Data provided:
-------

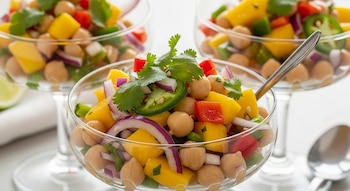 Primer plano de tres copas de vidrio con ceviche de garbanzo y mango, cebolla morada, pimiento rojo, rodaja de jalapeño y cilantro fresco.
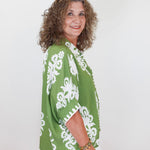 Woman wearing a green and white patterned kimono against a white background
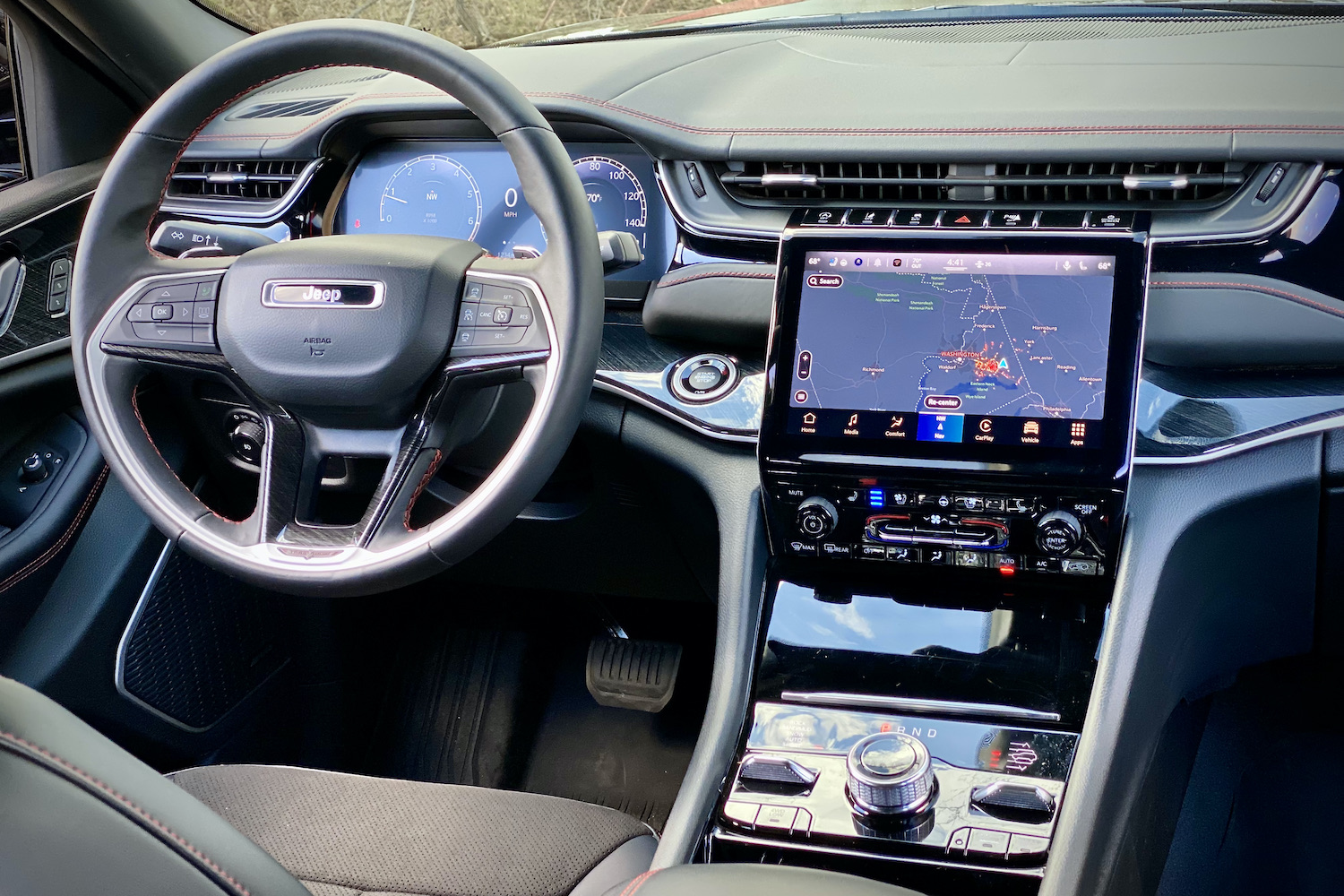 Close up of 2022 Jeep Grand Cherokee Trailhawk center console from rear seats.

-------

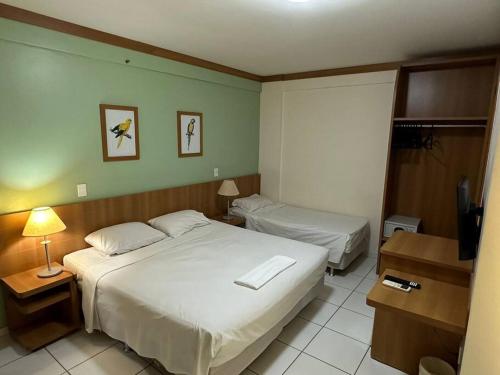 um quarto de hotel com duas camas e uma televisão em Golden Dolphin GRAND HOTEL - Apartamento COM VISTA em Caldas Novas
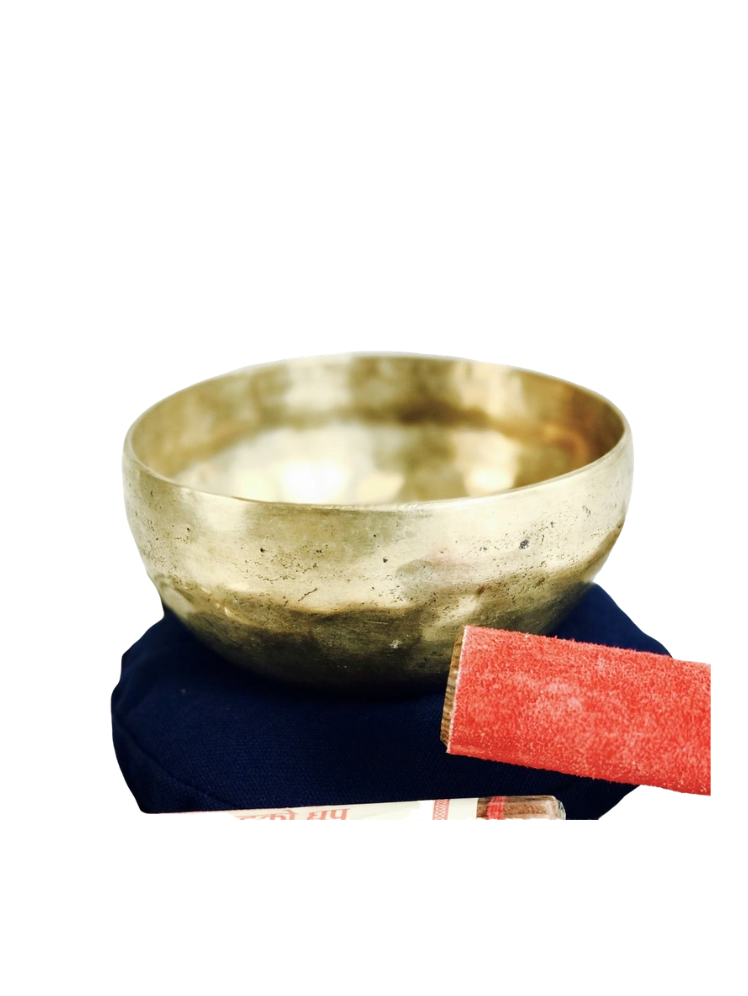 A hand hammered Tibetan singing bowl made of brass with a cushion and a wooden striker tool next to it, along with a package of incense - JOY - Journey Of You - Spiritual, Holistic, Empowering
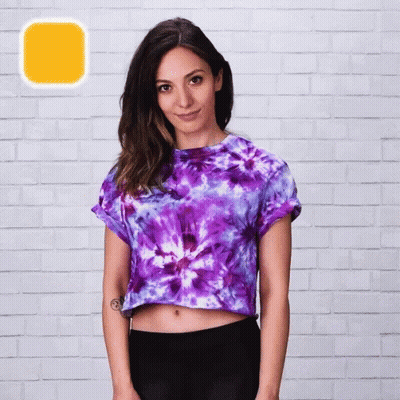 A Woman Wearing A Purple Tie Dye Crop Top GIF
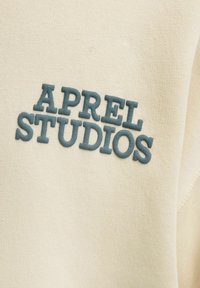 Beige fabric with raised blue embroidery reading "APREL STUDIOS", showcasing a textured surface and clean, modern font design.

-------

Your assignment: Print an exact copy of the lines above, from the one containing "Primer plano de" through the one containing "Close up of", and leave out the pictures.

Response area:
 Primer plano de tres copas de vidrio con ceviche de garbanzo y mango, cebolla morada, pimiento rojo, rodaja de jalapeño y cilantro fresco.
 Woman wearing a green and white patterned kimono against a white background
 Close up of 2022 Jeep Grand Cherokee Trailhawk center console from rear seats.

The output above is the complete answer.